Trading in financial securities (such as stocks, bonds or mutual funds), requires the service of a Broker, who brings the Buyer and Seller together, for a commission or a fee, called Brokerage.
Every trader stands to gain by understanding the mechanics of how the broad term ‘Brokerage’ is levied, and the components of his ‘all in cost’ involving all Demat and Trading account-related charges. While the use of a ‘Online Brokerage Calculator’ automates the process, there are many ways in which he can reduce his costs, which in turn will improve his overall profits from trading. The greater the profits, the greater the incentive to improve his market presence.
While opening a Trading account, the Brokerage rate is agreed upon, through a contractual agreement and this is usually a percentage on the turnover (Buy and Sell included). Hence the Broker charges a percent (say r %) of each and every traded volume in terms of money
(ie. Buy or Sell price per share —– X —- No of shares traded —- X —- r %).
This is the fee charged by the Broker for his services which include, taking trade orders, placing them in the market, getting an acceptable counterparty through the Exchange, concluding the deal, arranging the settlement of shares or settlement cash value credited into his Bank account and allied services.
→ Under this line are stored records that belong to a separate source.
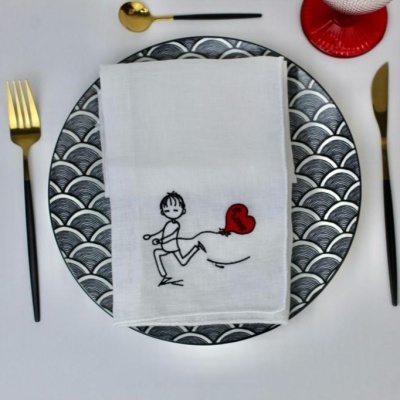 Conjunto de pratos com padrão de escamas, guardanapo branco com desenho e talheres dourados e pretos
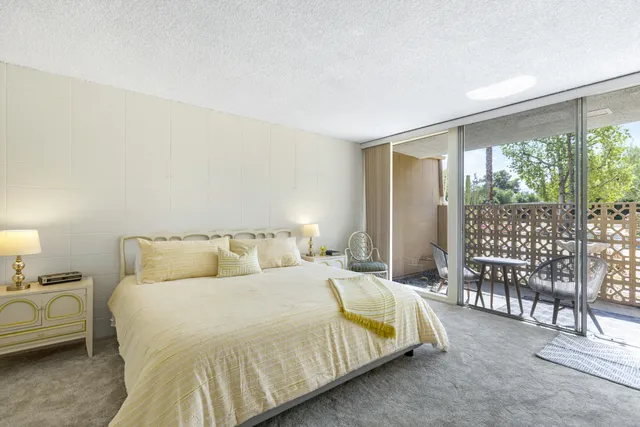 a bedroom with a bed and a large window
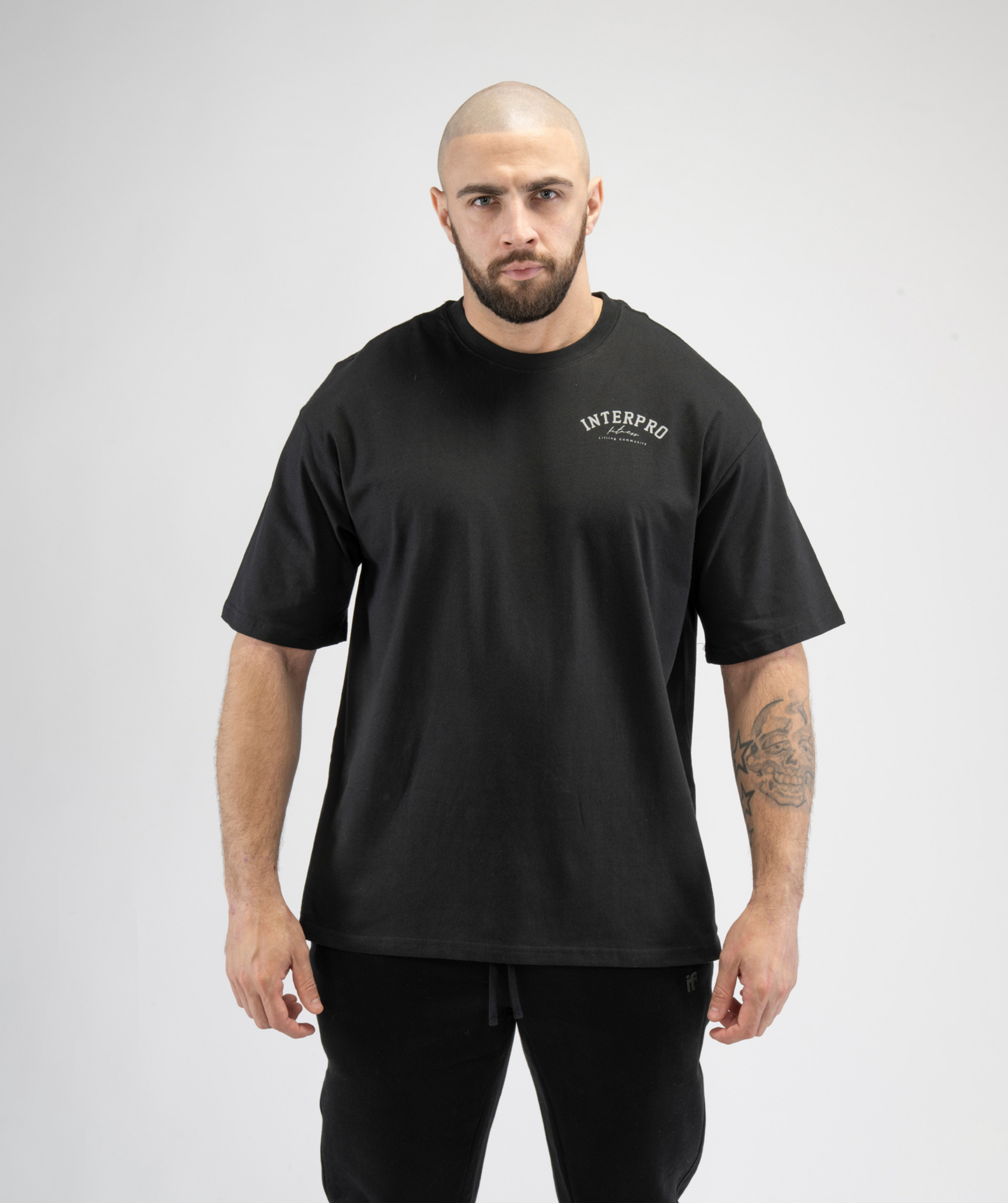 Interpro Fitness Men’s Black Oversized Gym T-Shirt with relaxed athletic fit, front view.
This is either done through an offline, physical process or through an online broking app service developed by him, in a secure and guaranteed manner.
One service Brokers can now offer is an MTF or Margin Trading Facility, where Brokers extend margin funding services against cash or shares as security. Such accounts attract a rate of interest as well, where actual funding is involved.
Brokerage rates vary depending on the type of Broker, range of services provided, as well as on the type of transaction.
Types of Brokers
- Full- Service Brokers or Traditional Brokers provide the full gamut of service ie. trade orders, settlements, trade advisory services, market research, funding assistance (margin trading and Demat loans against shares) and portfolio management. Their Brokerage rates are higher by comparison
- Discount Brokers concentrate on trade and settlements alone and offer lower and competitive rates of Brokerage. They are able levy a flat fee per trade, even as low as Rs. 10/transaction. Hence, they are useful for high-volume traders, in keeping costs down
- In recent times, the rigid borderline between the above two types, is not so evident as, some Traditional Brokers offer multiple tariff plans, customized to suit differing styles of trading. So, traders generally shop around and try to find one that would best suit their trading pattern and cost effectiveness.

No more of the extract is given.